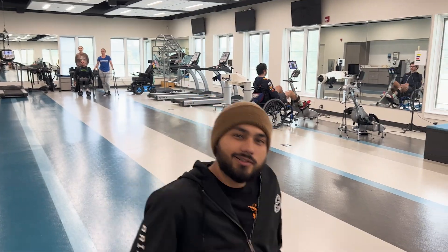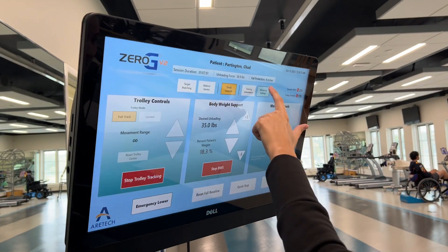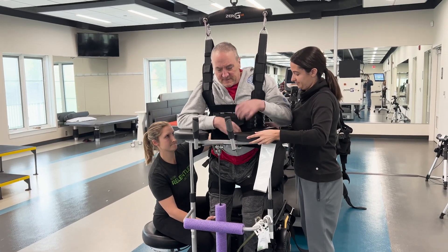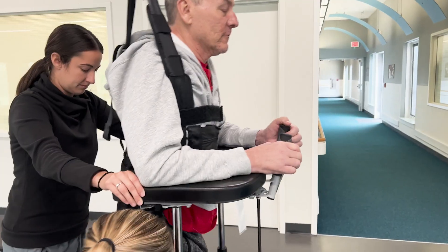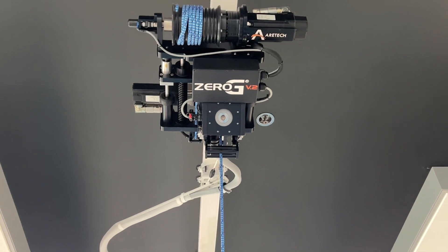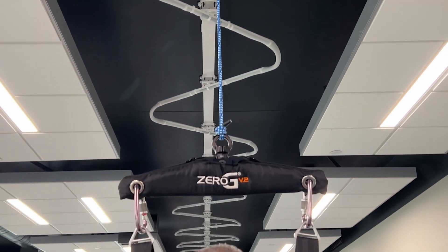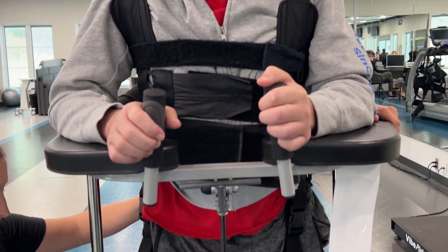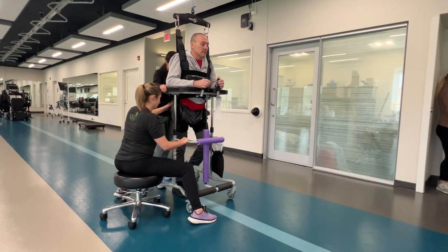Let's check out the Zero-G. Hi everyone, I'm Sammy, a PT here at QLI. Hi, I'm Chad, a resident here at QLI. This is the Zero-G — it's our bodyweight support system and it allows us to practice safe walking and transfers without the risk of a fall. It also lets us accommodate someone if they're more successful walking with bodyweight support offloaded, and it allows us to transition to more independence. This Zero-G is going to help me get back to walking independently and living more independently.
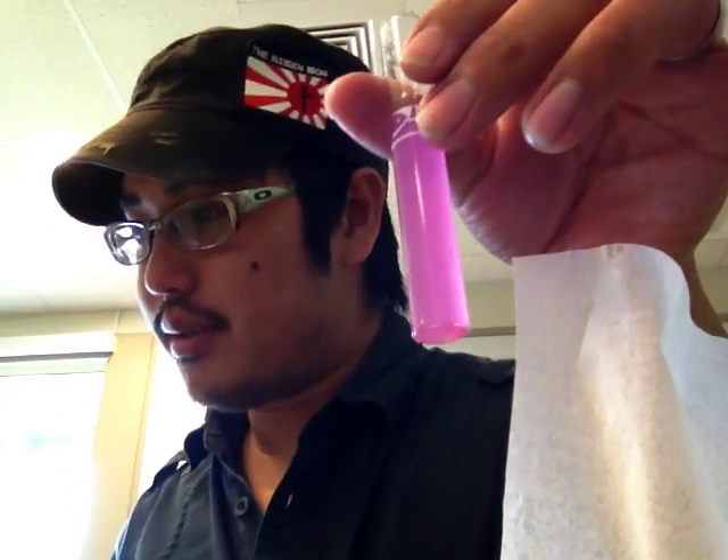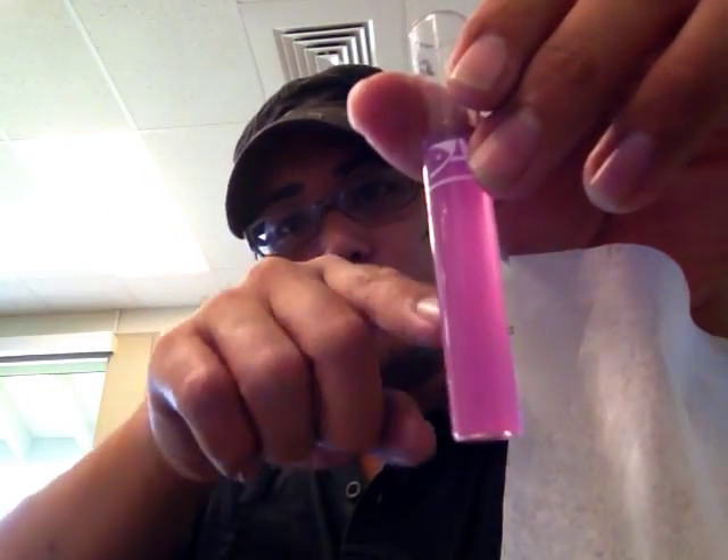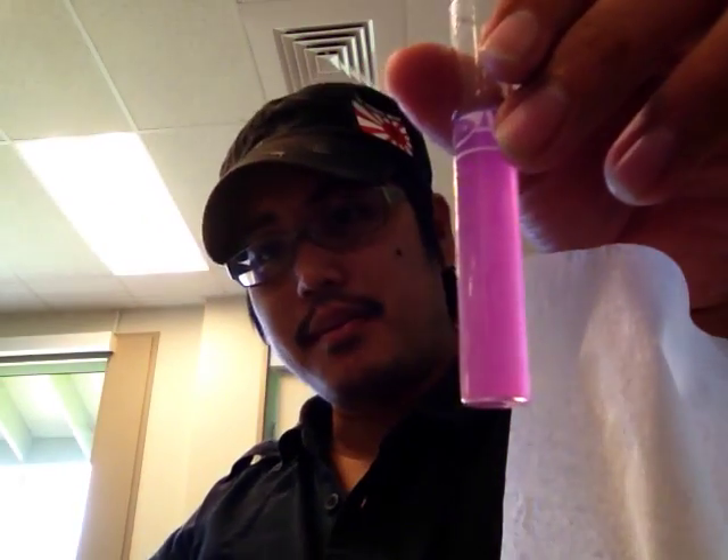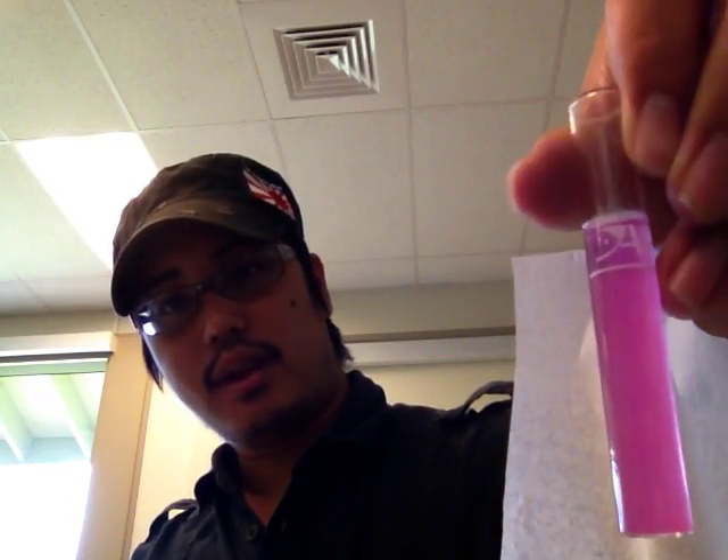What we're going to do here is test the calcium. I already put 10 drops of bottle one and 10 drops of bottle two, so any drop I add of bottle two after that is just like the 11th, 12th, and whatever drop. We're going to wait for this thing to turn blue.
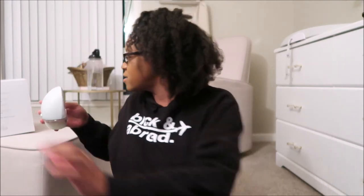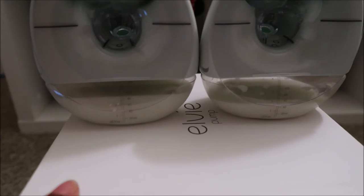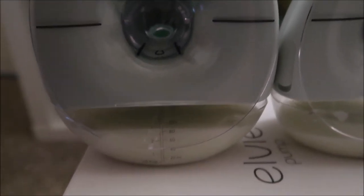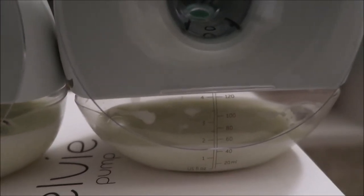I want to look and see if it was accurate — I'll set this flat. Actually a little off, which is interesting. This was on my right side and this is my left side. As you can see, that looks like almost three. And this one is almost two.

·····

Problem statement - Retype all the data exactly, please, without pictures.

Solution below -
Let's check out the Zero-G. Hi everyone, I'm Sammy, a PT here at QLI. Hi, I'm Chad, a resident here at QLI. This is the Zero-G — it's our bodyweight support system and it allows us to practice safe walking and transfers without the risk of a fall. It also lets us accommodate someone if they're more successful walking with bodyweight support offloaded, and it allows us to transition to more independence. This Zero-G is going to help me get back to walking independently and living more independently.
What we're going to do here is test the calcium. I already put 10 drops of bottle one and 10 drops of bottle two, so any drop I add of bottle two after that is just like the 11th, 12th, and whatever drop. We're going to wait for this thing to turn blue.
I want to look and see if it was accurate — I'll set this flat. Actually a little off, which is interesting. This was on my right side and this is my left side. As you can see, that looks like almost three. And this one is almost two.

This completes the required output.